Excerpt from our One Page Annotated Wall Street Journal Summary (which you can get emailed to you every morning by signing up here):
Oil Rigs Stage Exodus From Gulf of Mexico
Summary: The Energy Information Administration expects the price of natural gas in the US to rise from $6.10 per BTU today to over $10 by the end of 2007, because drilling rigs in the Gulf of Mexico are being transferred to more lucrative markets. That will reduce natural gas production and drive up prices, which are determined by local supply and demand in contrast to oil which is a global market. The number of rigs in the Gulf of Mexico has fallen from 148 in 2001 to 90 now, and the number is expected to fall further as more rigs are sent to the Persian Gulf where oil companies are offering higher day-rates for rigs..
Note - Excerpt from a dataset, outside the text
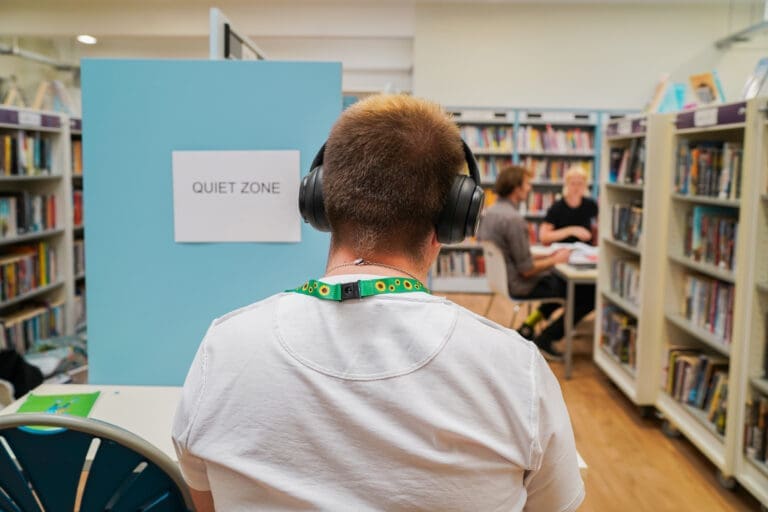 Man with autism studying at a quiet zone in a library wearing noise-cancelling headphones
Comment on related stocks/ETFs: Rig operators mentioned in the article that benefit from the rise in day rates include GlobalSantaFe (NYSE:GSF), Ensco International (NYSE:ESV), and Transocean (NYSE:RIG). Gulf of Mexico oil producers that could be negatively impacted by higher drilling rates include BP (NYSE:BP) and Apache Corp. (NYSE:APA). The rise in drilling rates is broadly positive for the energy infrastructure stocks.